Perhaps we should have predicted that he wouldn’t be able to resist slipping out his metaphorical cock and giving us a sneaky last screw as we walked out of the door. As indeed he did. When Graham begrudgingly wrote us each a cheque for the return of our deposits (in full, because try as they might they couldn’t find anything to blame us for), he apparently decided to deduct the sum of £36.11 to cover the cost of transferring the money into their bank account.
To cover the cost of transferring the money into their bank account!!!
I mean – WHAT????? Is that legal? Does it even make sense? Is it one of the costs listed on their website? No it bloody isn’t.
The fact that it’s such a relatively piffling amount doesn’t make it any less infuriating, because it is clearly Graham saying “I can still screw you with your pants on, even if I can’t get my dick in very far this time” – and I have spend the best part of today seething with rage at this arbitary and entirely questionable charge.
Though it occurs to me that since I am no longer reliant on Ambassador for a place to live, there is nothing stopping me from popping in there when I’m next in Cambridge and, if not actually screwing them with their pants on, giving them a demonstration of how it feels to have shit sluiced all over you. So if any of the lovely folk at Ambassador are reading (as I believe some of them have taken to doing, presumably on the look out for something libellous – sorry guys, it’s all undeniably accurate), you can expect a visit from me some time in the next few weeks and you might want to bring a change of clothes to work with you.

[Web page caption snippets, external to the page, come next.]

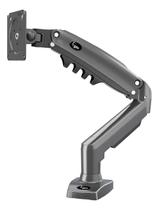 Suporte PRETO Articulado com Pistão a Gás 17" a 35" ELG - F80N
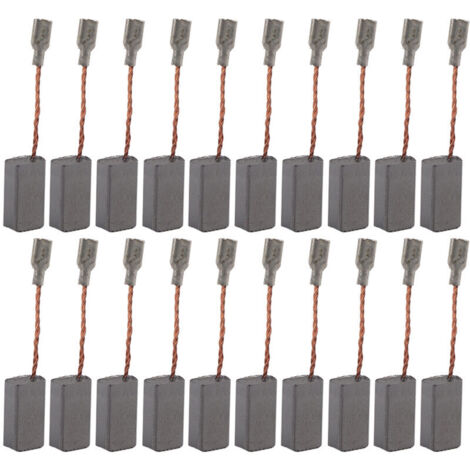 20 Pièces Remplaçables Grande Brosse de Carbone Conductrice, Brosse de Carbone Remplaçable Brosse de Carbone pour Perceuse à Moteur électrique 100 5  8  16mm (1/5)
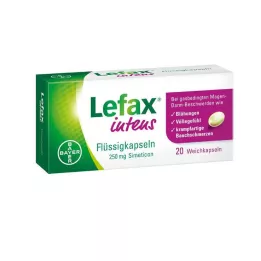 LEFAX intensiva flytande kapslar 250 mg simetikon, 20 st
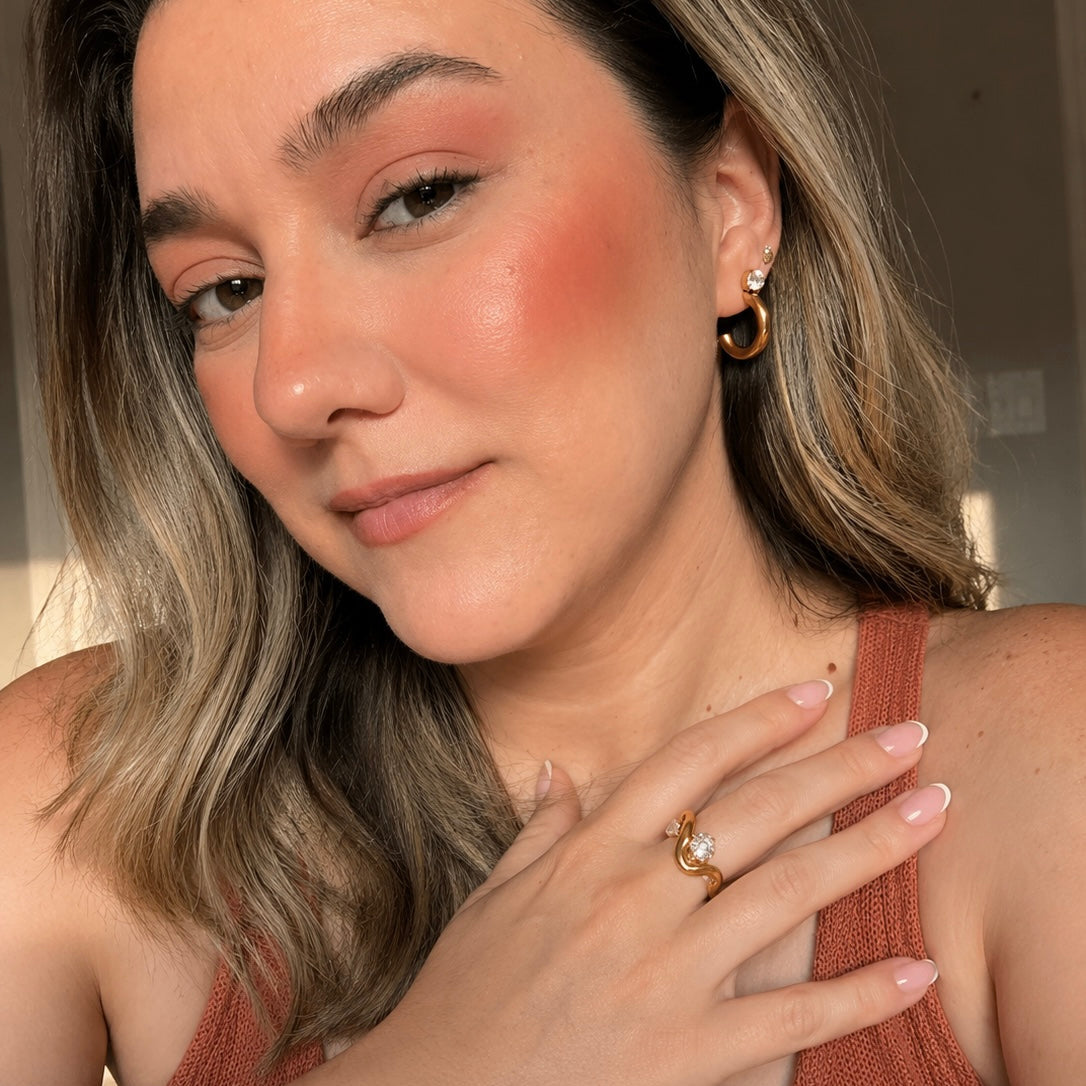 Aurelia Two-Stone Wave Ring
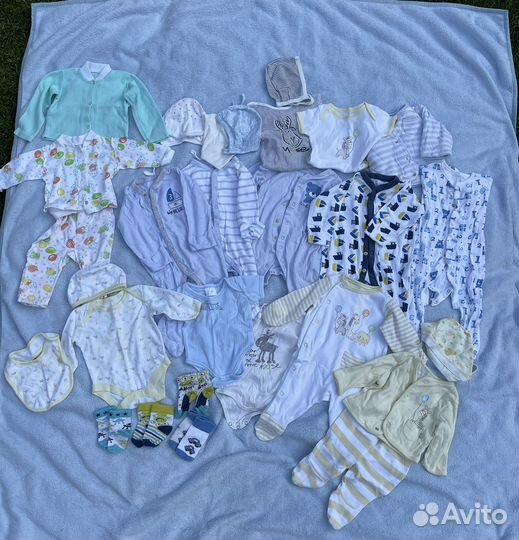 Детские вещи пакетом от 0 до 6 месяцев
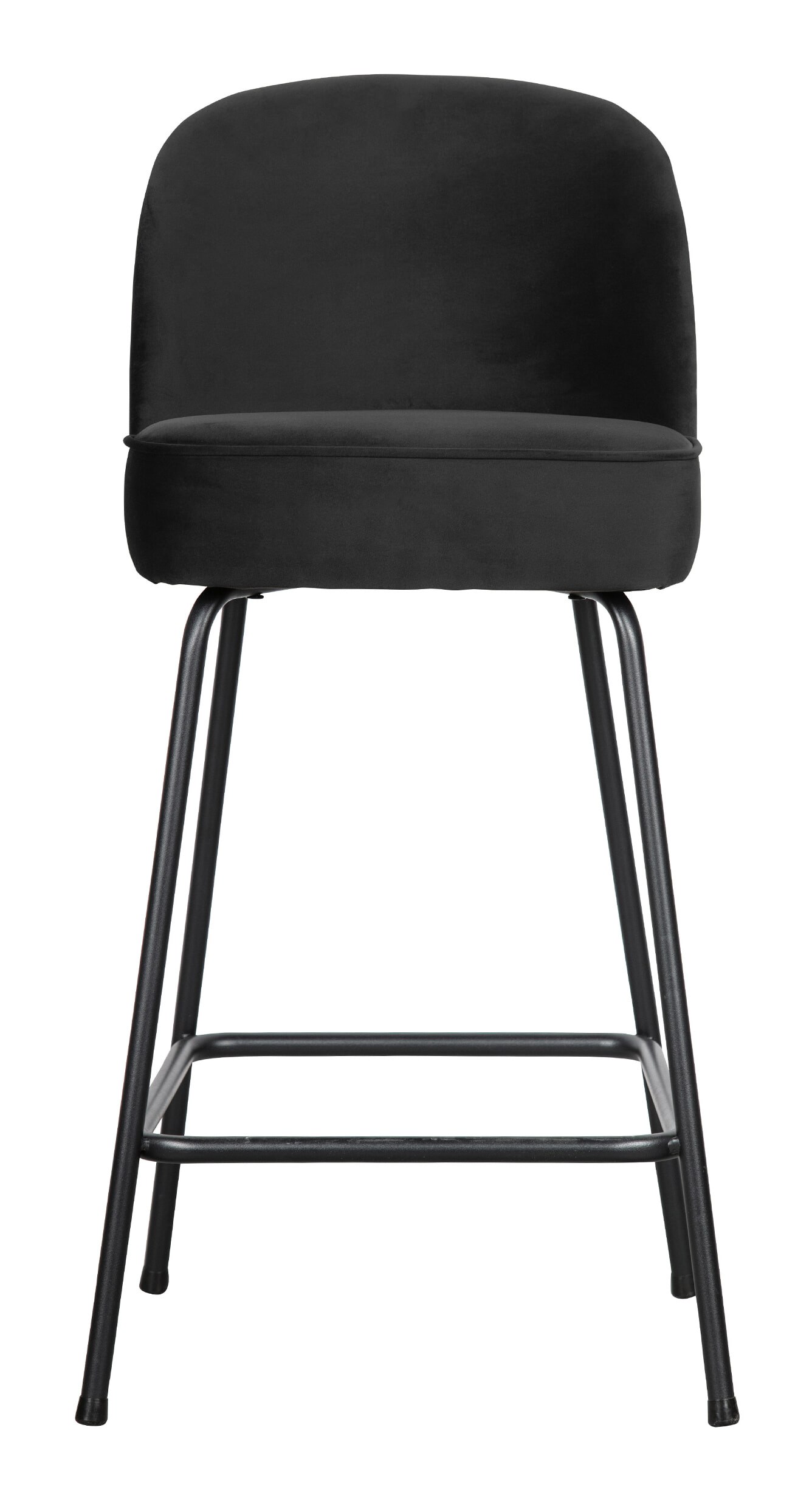 BePureHome Barkruk 'Vogue' (zithoogte 65cm) Velvet, kleur Zwart
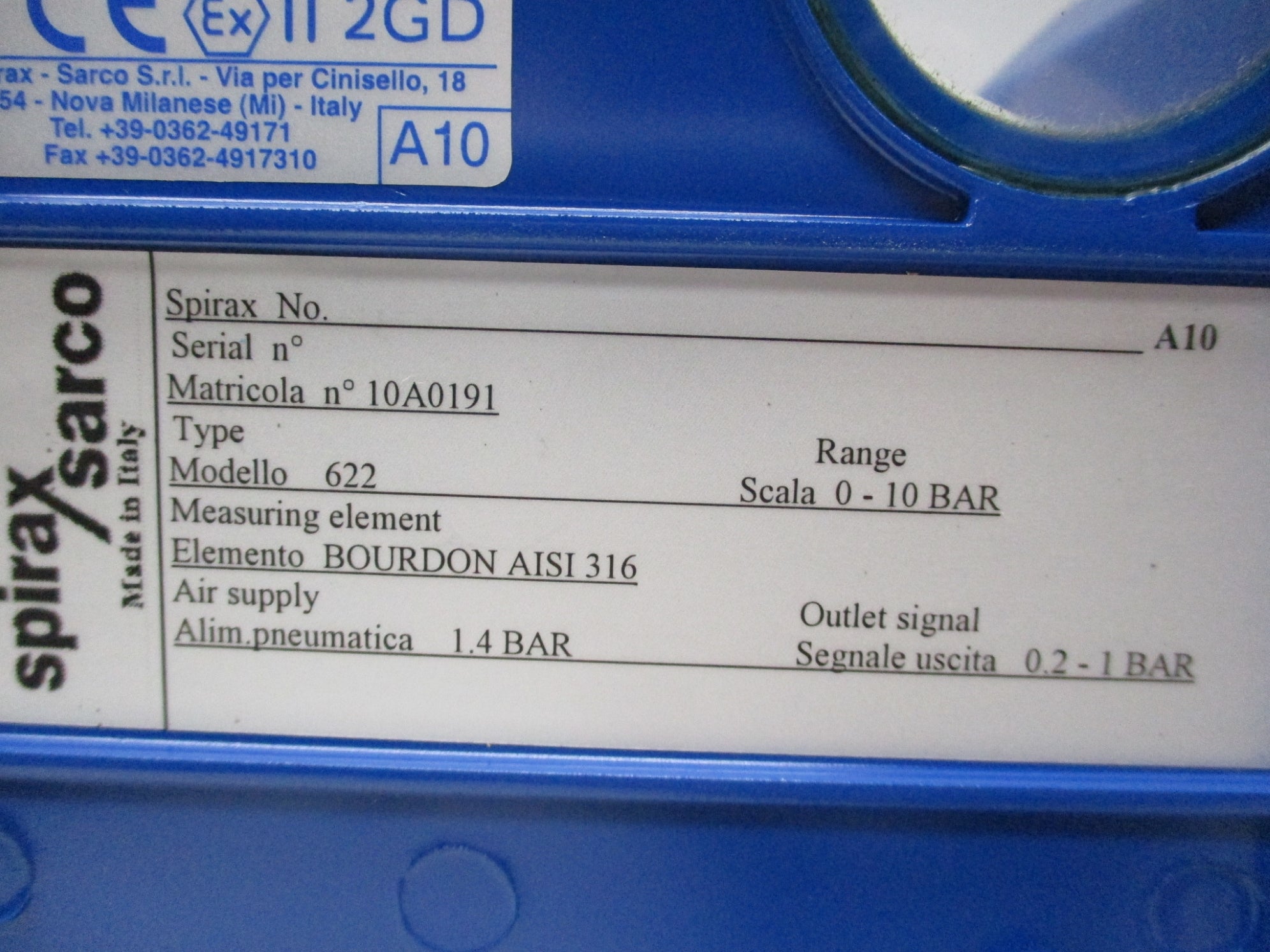 SPIRAX SARCO 622 NSNP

Or alternatively write me a fricking cheque for £36.11…
Priorities
Ken Campbell should be above the fold. (He should have been for most his life; certainly his obituary deserves to be.) Most newspapers are instead pushing Sarah Palin’s daughter being pregnant which, while news, is unlikely to actually change the world much (for once the rational voices are coming from mid-right Conservatives). Perhaps more worthy of discussion is where in hell she gets her children’s names from.
More important than Google’s announcement of a new web browser is the awesome comic introducing it, drawn by Scott McCloud. Also: Chrome? You have to wonder where Google gets its names from, too.
“Gene limiting commitment” (although that’s not exactly what it is) is probably more important than raunchy footage of Marilyn Monroe (no, that’s not exactly what it is either), although the BBC seem to disagree at the moment. At least we know where Monroe’s name came from.